What is needed is an exact copy of the lines in the entries below from the one holding "Run the code" through the one holding "And the square", pictures excluded.

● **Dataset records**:
====
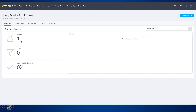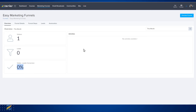It will give you the number of visitors, the number of leads that you've created, and the visitor-to-lead conversion rate. Other activities can be found in this box here. This is the overview tab of marketing funnels.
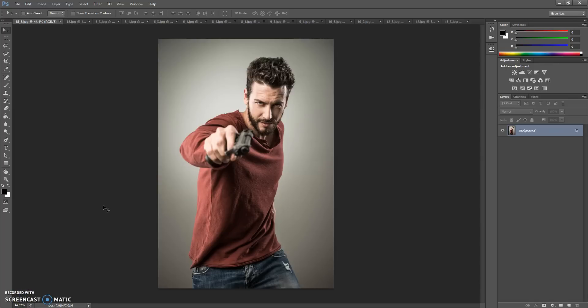Hello, today I show you how to use Shadow Photoshop Action, and here are some results that you can make with this action.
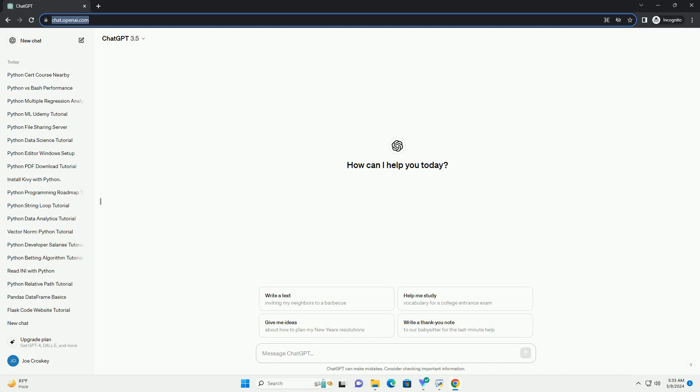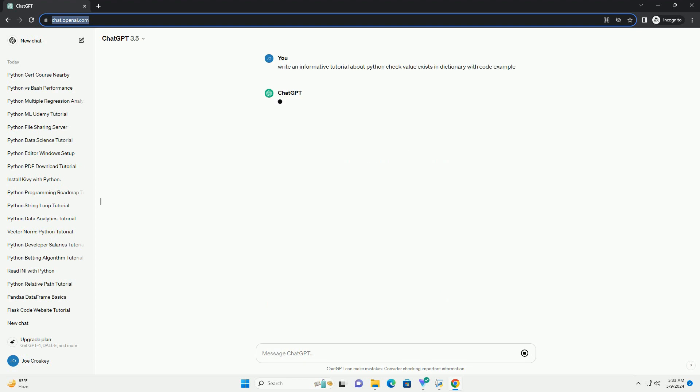Run the code online or download from codegive.com, link in the description below. Here's an informative tutorial on how to check if a value exists in a Python dictionary, along with code examples.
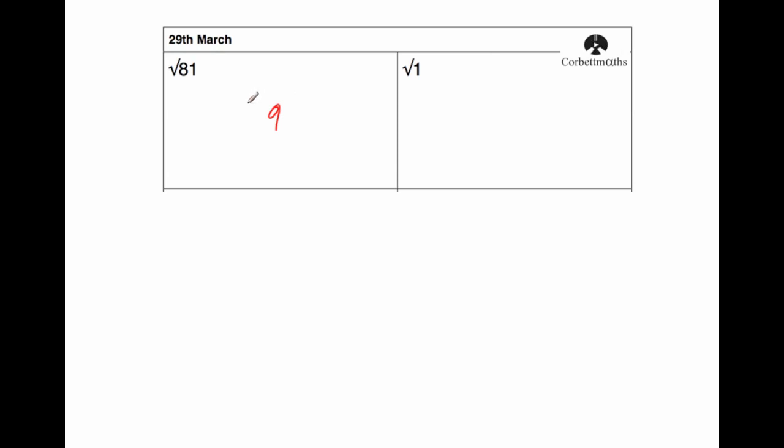And the square root of 1, well, 1 times 1 is 1, so that would be 1. Okay, our next question.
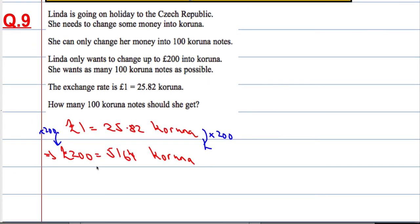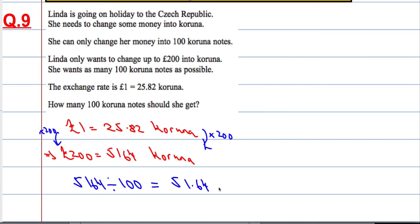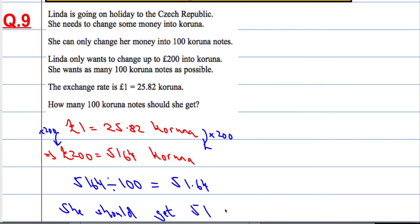But she can only get 100 Koruna notes, so if she's got 5164 in total, if we divide that by 100, we will get 51.64. So she can only get 51 notes of 100 Koruna. She should get 51, 100 Koruna notes.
====
● **Answer section**:
Run the code online or download from codegive.com, link in the description below. Here's an informative tutorial on how to check if a value exists in a Python dictionary, along with code examples.
And the square root of 1, well, 1 times 1 is 1, so that would be 1. Okay, our next question.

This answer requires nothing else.